It’s one thing to have a safety plan, but sticking to that plan can require many specialized officials and dedicated health screeners. This is especially true with a big event such as Comic-Con, where 150,000 attendees, in full costume, made their way into the Javits Center.
Press for Comic-Con NYC was also positive. The NYTimes noted that the incorporation of masks simply made attendees get even more creative with costumes. Bottom line — the more people you have on board with your safety plan, the more of a success it will be.
Working with local vendors creates a unique experience.
Local food, drinks, entertainment, and vendors of all kinds will set your event apart from the competition, and create a unique experience.
Attendees want to try new things when they go to events. Don’t settle for the same old food and leisure options they have at home, give people something that they can’t get anywhere else — just like you already do with every other aspect of your event!
Use your new citywide connections to partner with local breweries, distilleries, bakeries, coffee shops, or even nightclubs. Wherever there is good food and good entertainment, there is an opportunity to collaborate and build your event around the local community.
Thinking locally is good for the economy.
No matter how you organize — virtual, hybrid, or in-person — events bring together a diverse group of businesses in a way that no other industry can match.
Use this potential to partner with businesses that might still be recovering. Encourage attendees to visit the event vendors in their brick-and-mortar shops. Maybe even partner with a nightlife venue offsite for an afterparty, or a yoga studio for a morning fitness meetup.
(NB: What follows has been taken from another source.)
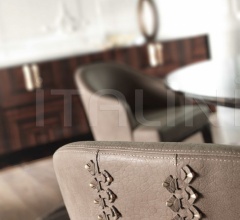 Стул с подлокотником Sharpei.3 Стул с подлокотником Sharpei.3 фабрика Roberto Cavalli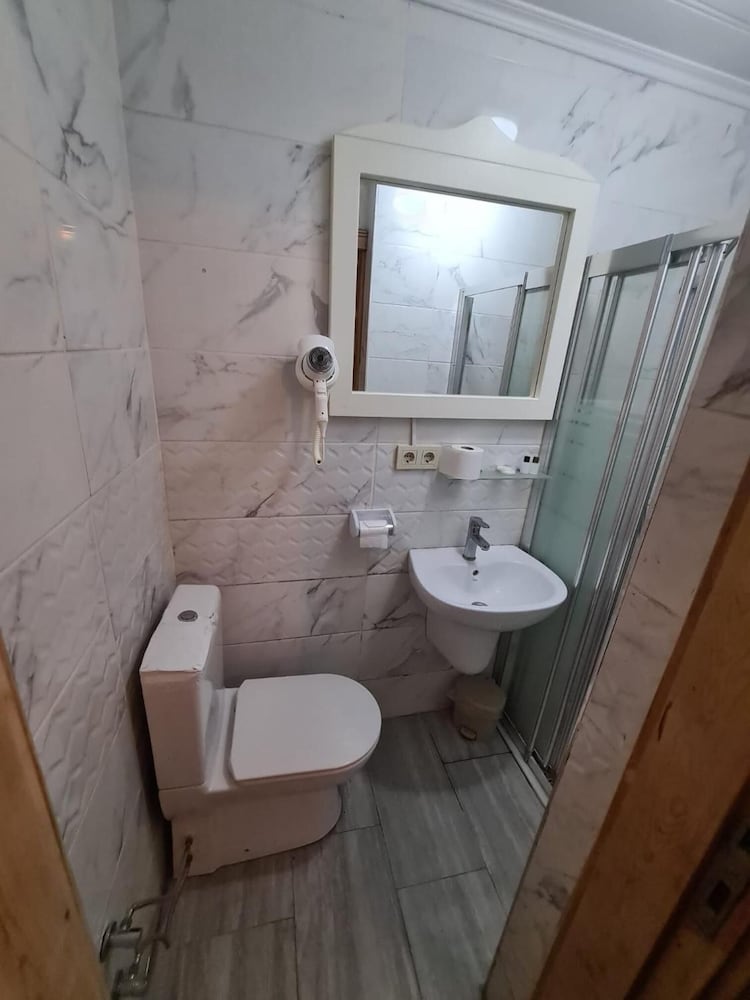 W. House Kadikoy 58/60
Also, don’t forget to promote local vendors on social media. This is most likely how attendees will find them (and it’s also a great way to build your own following). It’s all about creating simple ways for attendees to support local businesses and for those local businesses to do the same for your event.
Community buy-in will boost attendance.
Having local partners means easy, organic marketing. The more your event is discussed and amplified in the community, the more people will want to attend.
There is a chance people in the area will want to attend your event even if it is for a niche industry. Chances are they feel like they might learn something interesting. Or maybe they are even thinking about expanding their own business or switching careers.
With the right local partners, your event will generate organic marketing that connects with all people on a human level. There will be a genuine interest in what you are bringing to the community. As there should be!
Partnering with the local community is always a good plan.
No matter what kind of event you are organizing, partnering with local businesses and city officials will help you make a better experience for attendees.
City leaders can help you implement health and safety guidelines in your event space. Throwing in some local food and dining will give attendees new things to try, and you’ll be boosting local businesses (as well as your own). It’s a win-win all around!